In far Northern Vietnam, bordering China’s Yunnan Province, Lao Cai City is the capital of the Lao Cai Province and a hotspot destination for travelers who are exploring this remote area. A popular stopover for visitors going back and forth between China and Vietnam, the city sits at the junction of the Red and Nanxi Rivers.
Mountainous Capital in Northern Vietnam
Built into the mountains of Northern Vietnam, Lao Cai City’s main industries are driven by the Lao Cai Railway, timber, and tourism. Although in a remote province, much of the city has been modernized and updated. In the past, Lao Cai had closed its border with China after Chinese forces attempted to take the city in 1979, but in 1993, the border was reopened.
Lao Cai City. Photo: k t
Since then, Lao Cai City has thrived as an international destination, especially since it’s a 1-hour drive from Sapa, which is another popular destination nearby. However, most of the travelers throughout Lao Cai Province will come from either China or Vietnam’s capital, Hanoi, which is 286 km (178 mi) away. The Lào Cai International Border gate is less than ten minutes from the city.

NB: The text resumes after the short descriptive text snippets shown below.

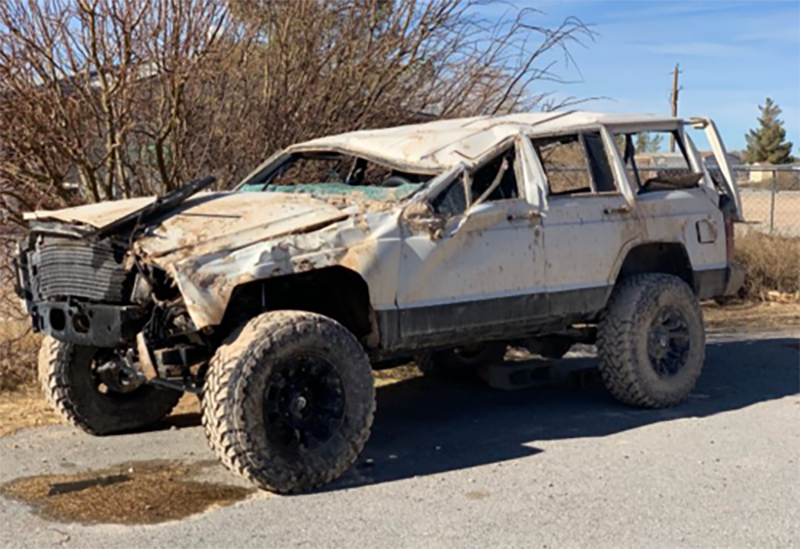 Trợ lý Siri trên iPhone cứu mạng người bị tai nạn lật xe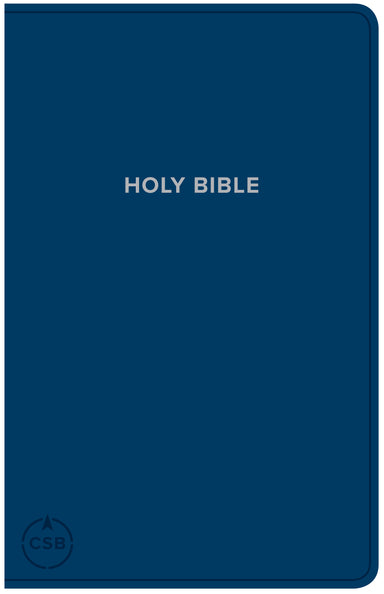 Image of CSB Gift & Award Bible, Blue other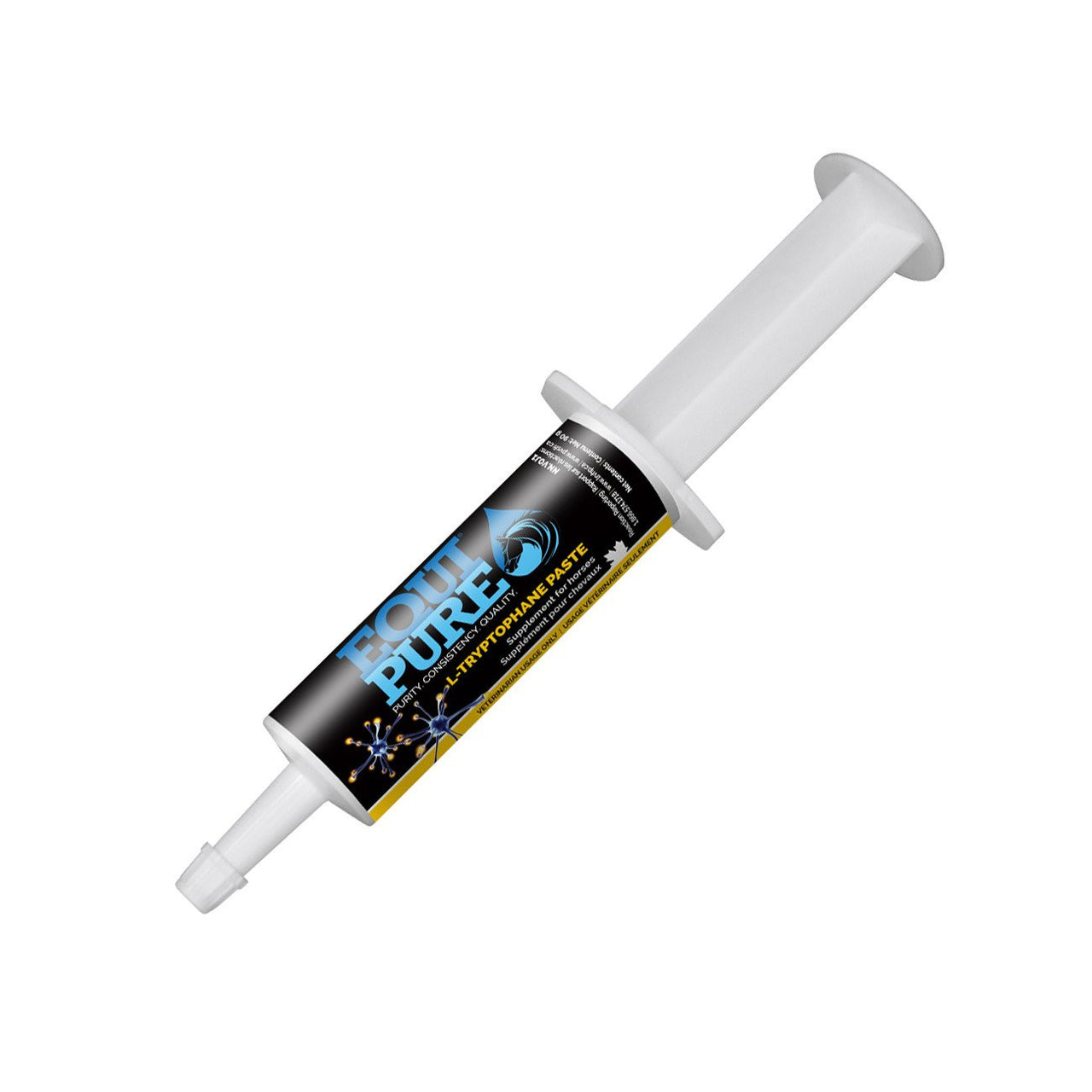 Equipure L-Tryptophane Paste 90G - Production Animal Supplements Equipure - Canada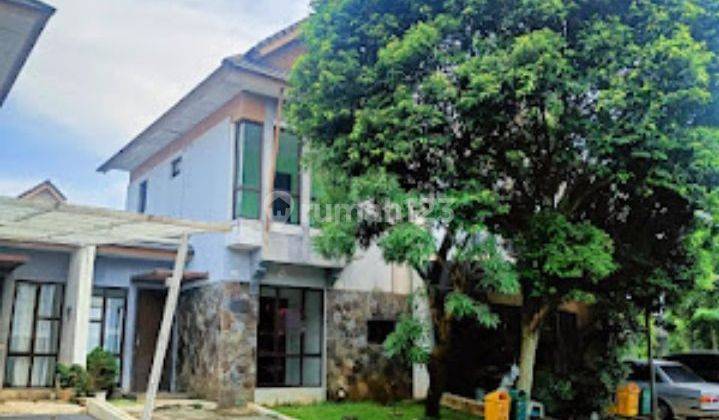 Di Jual Cepat Rumah Di The Avani Bsd 2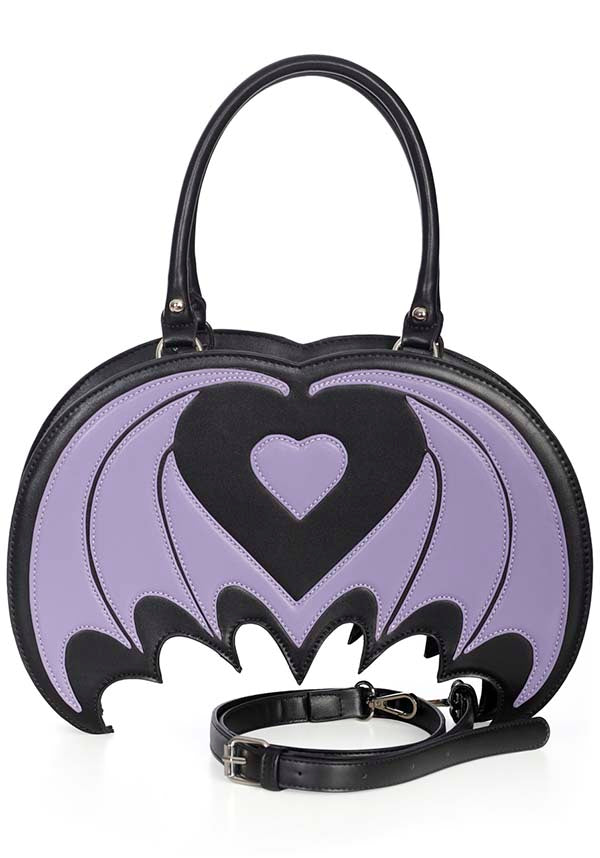 Cosmo Bat [Lilac] | HANDBAG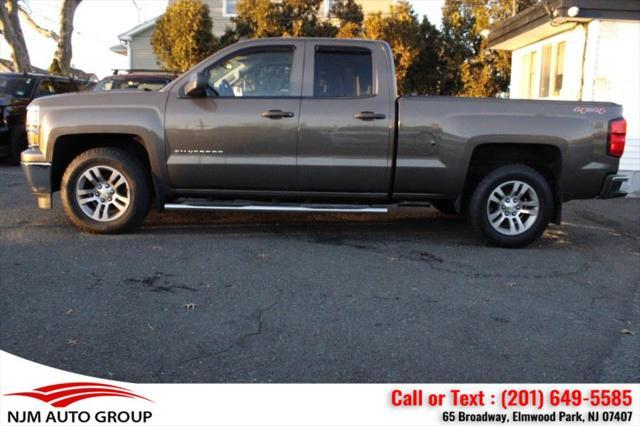 used 2014 Chevrolet Silverado 1500 car, priced at $16,900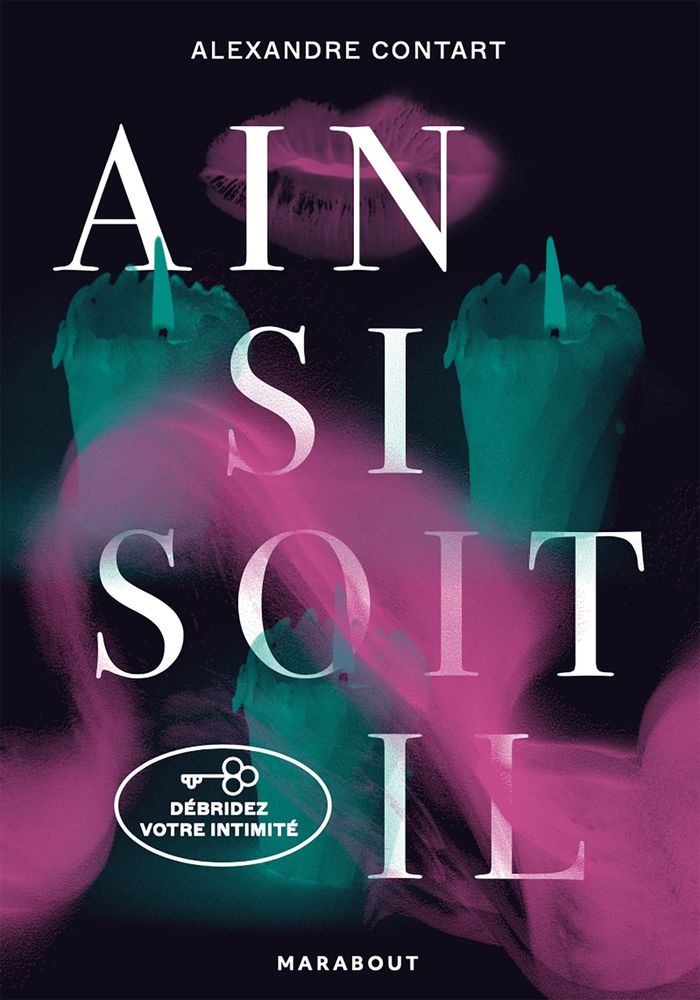 Couverture du livre « Ainsi soit-il », librairie Les Contes Infusés à Corte
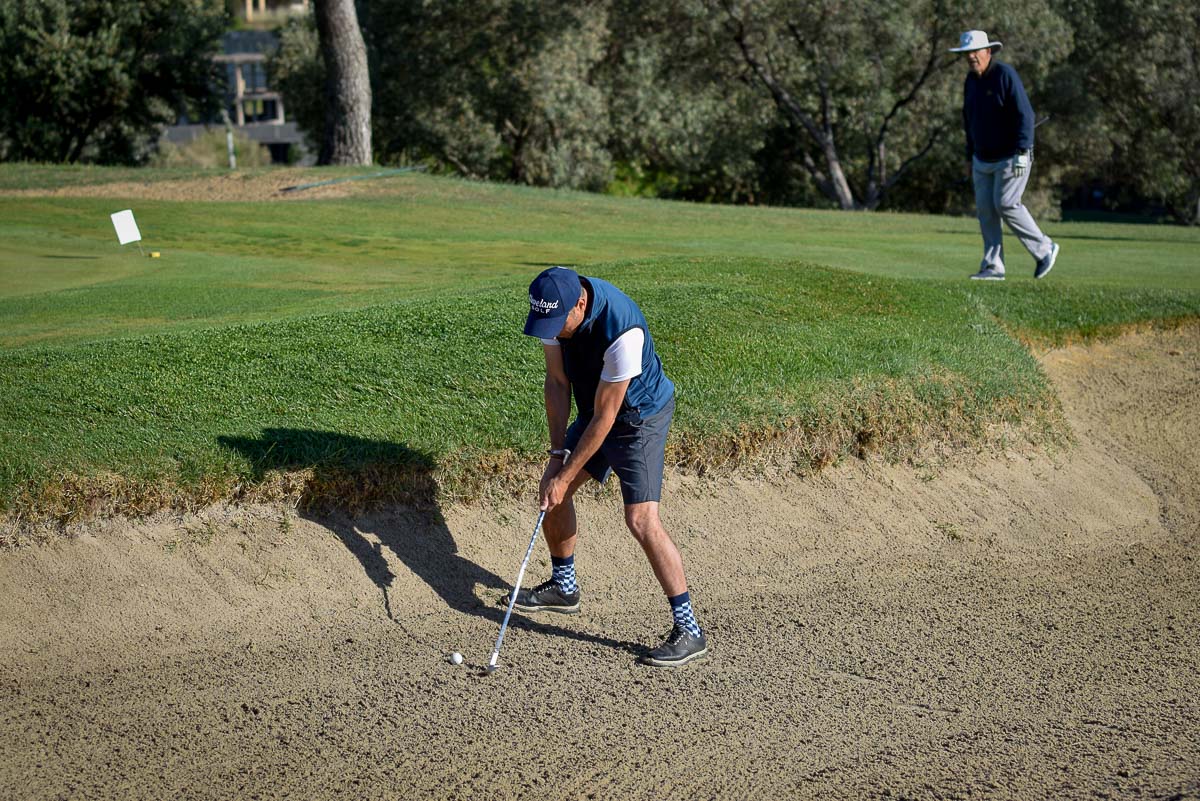 Encuéntrate en el III Torneo de Golf de IDEAL (III)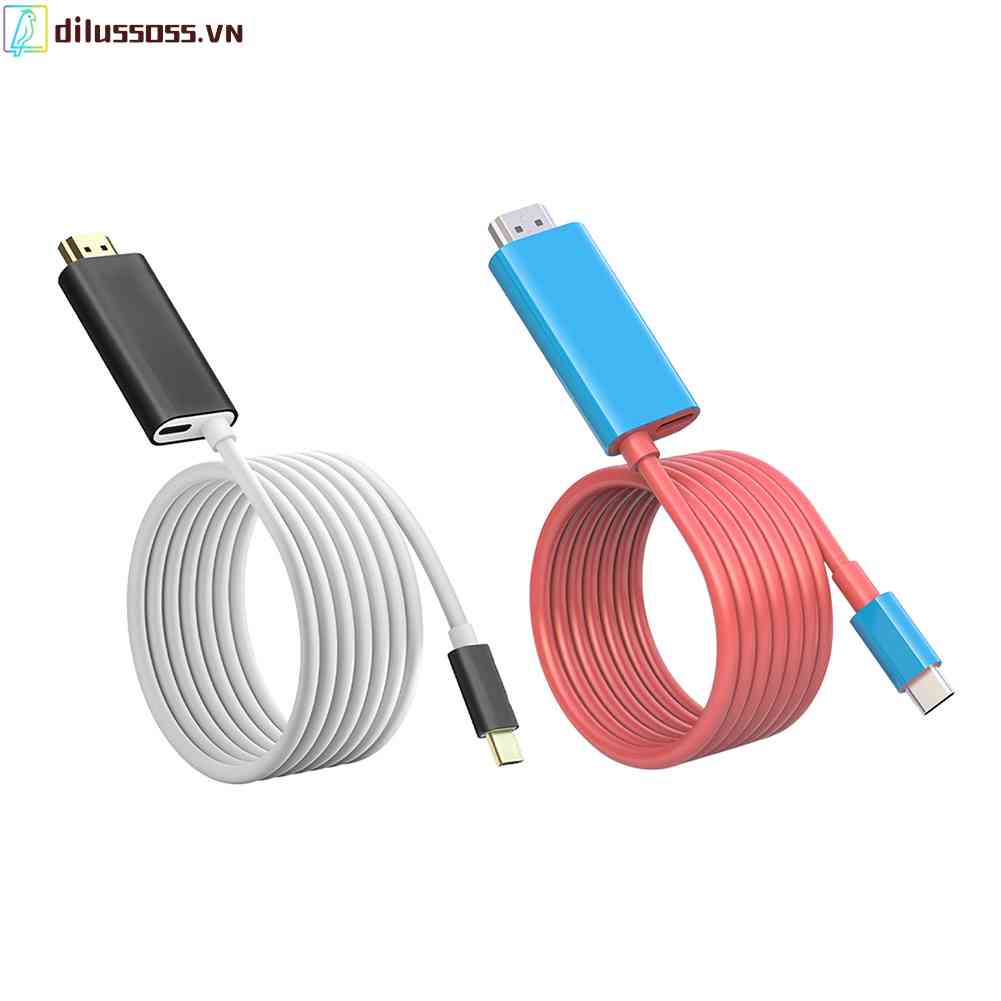 Cáp ChuyểN ĐổI Type-C Sang HDMI 4K Chuyên NghiệP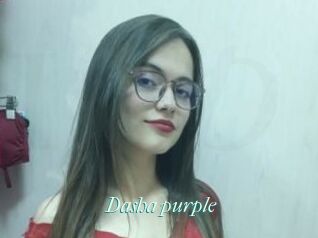 Dasha_purple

Throughout the centuries, Lao Cai City’s proximity to China and its location in Northern Vietnam has made it an important trading post. First established in 1463 by Viet Kings, the city was once the capital of the Hu’ng Hóa region. More than 400 years after its creation, Lao Cai would come under the influence of the French.
The French began occupying the city in 1889, using it as both a strategic point and tourist destination. Called “Lao Kay” by the French, the name was adopted by the locals and changed to “Lào Cai”. For years, the city was inhabited by the French, and traces of their occupation can still be seen in the local architecture.
By the end of World War II, the relationship between the French and locals began to disintegrate. Resisting foreign occupation, many colonial buildings were destroyed, and for this reason, Lao Cai City does not feature as much French colonial architecture as places like Sapa.
The river border between China and Lào Cai City. Photo by: Joe Coyle.
In more recent years, the re-opening of the border in 1993 allowed Lao Cai City to gain international recognition. Closed for 14 years, when the border reopened, it allowed international trade and visitors to once again flow through Lao Cai. Since then, the capital has industrialized and expanded its tourist sector.
- Lao Cai was first established as a city in November 2004.
- There are 130,671 permanent residents living in Lao Cai City.
- Officially, Lao Cai City has 17 communes, 10 wards, and 7 rural communities.
In all truth, most travelers skip over Lao Cai City, using it as a one-night stayover destination on their way to China or Spa. However, there are a few attractions that are worth a stopover and tourists should schedule some time to spend a few days in the city. Lao Cai’s most popular attractions include the Den Thuong Pagoda, the Lào Cai Martyrs Memorial, and the Main Market.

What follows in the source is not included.